[[ Data provided open ]]

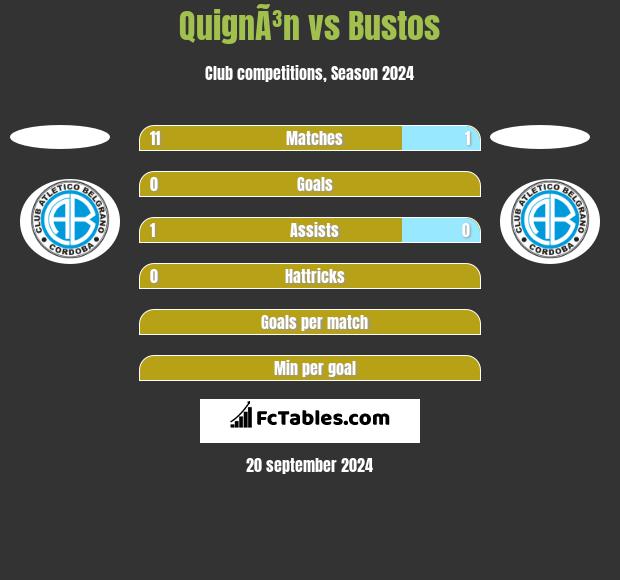 QuignÃ³n vs Bustos h2h player stats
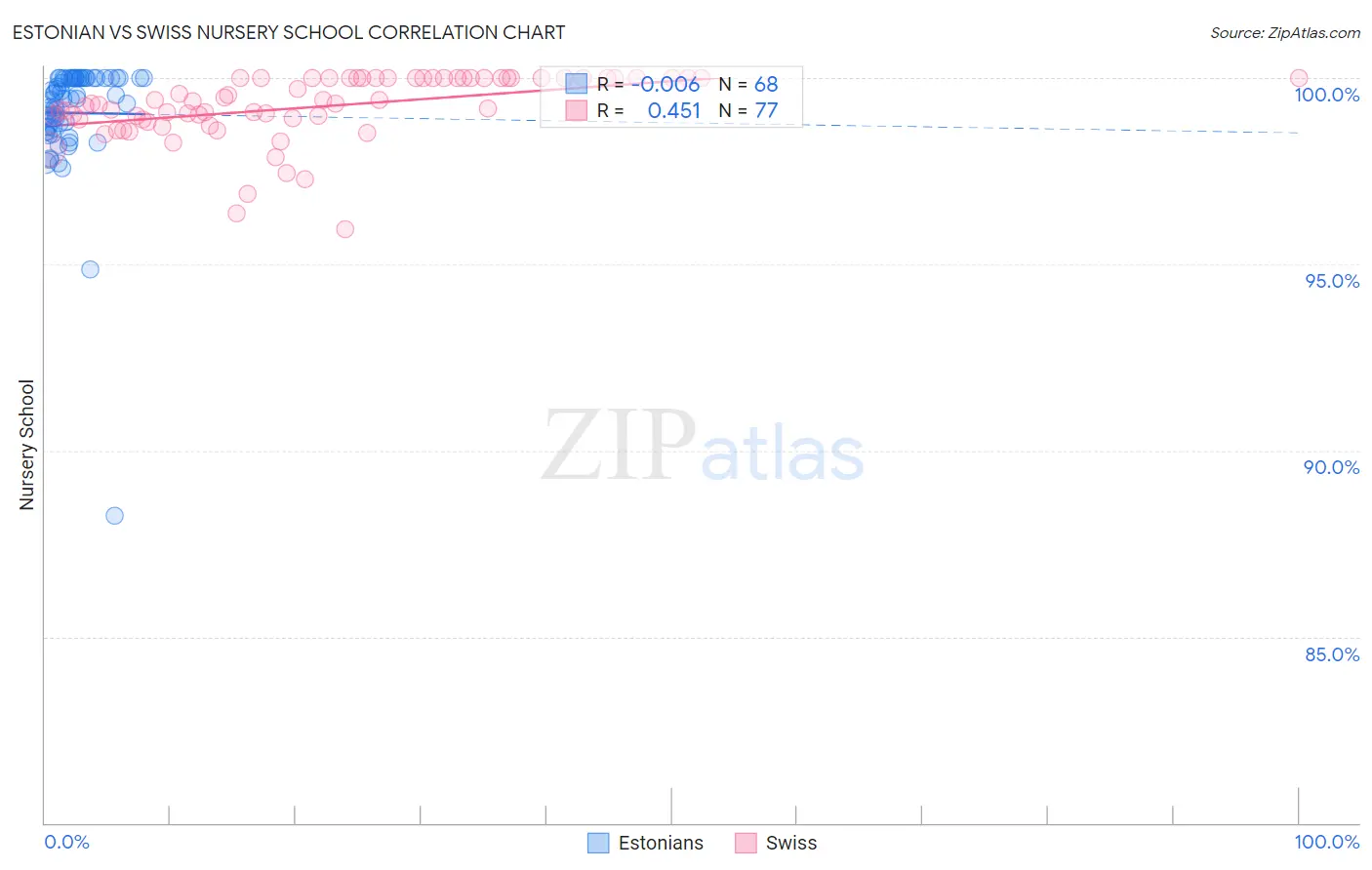 Estonian vs Swiss Nursery School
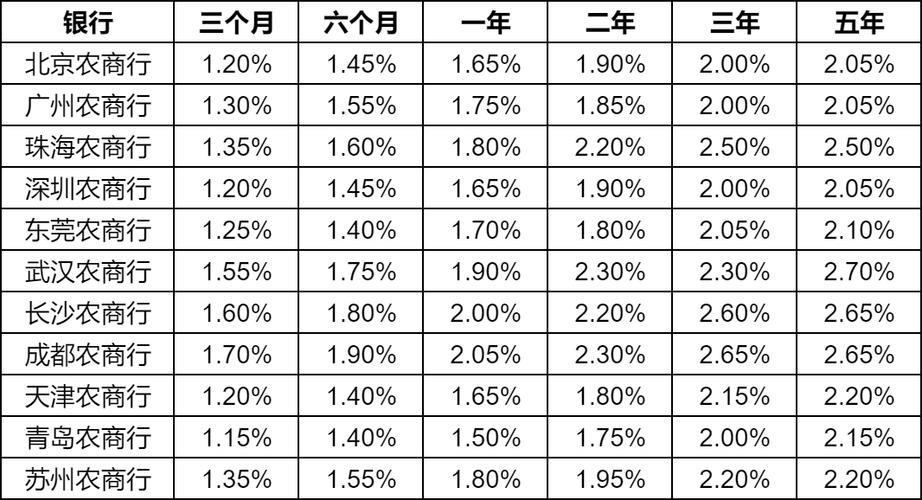 2024保定银行定期存款利率表：最新信息速览与投资建议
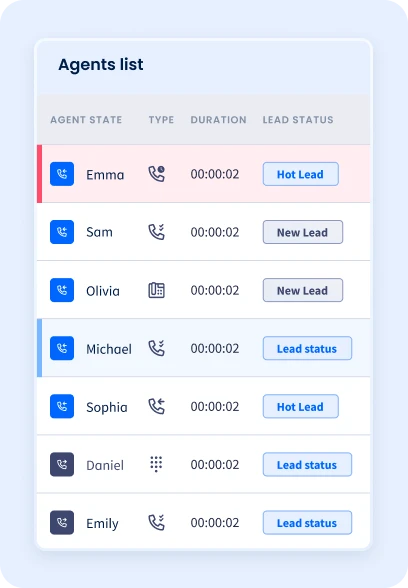 Live Agent Monitoring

[[ Data provided closed ]]

All the data above is to be transcribed exactly, with no pictures included.

 QuignÃ³n vs Bustos h2h player stats
 Estonian vs Swiss Nursery School
 2024保定银行定期存款利率表：最新信息速览与投资建议
 Live Agent Monitoring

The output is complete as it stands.